**Data for analysis**

'''

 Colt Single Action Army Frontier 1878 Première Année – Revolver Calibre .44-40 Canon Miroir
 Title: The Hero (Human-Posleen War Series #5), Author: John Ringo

'''
'''

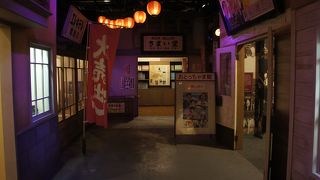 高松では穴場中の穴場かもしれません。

'''
'''

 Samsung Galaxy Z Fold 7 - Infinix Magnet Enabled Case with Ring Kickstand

'''

The response should be the listing above, limited to the lines between the one holding "Colt Single Action" and the one holding "Title: The Hero", inclusive, reproduced exactly.

**Response to this task**
 Colt Single Action Army Frontier 1878 Première Année – Revolver Calibre .44-40 Canon Miroir
 Title: The Hero (Human-Posleen War Series #5), Author: John Ringo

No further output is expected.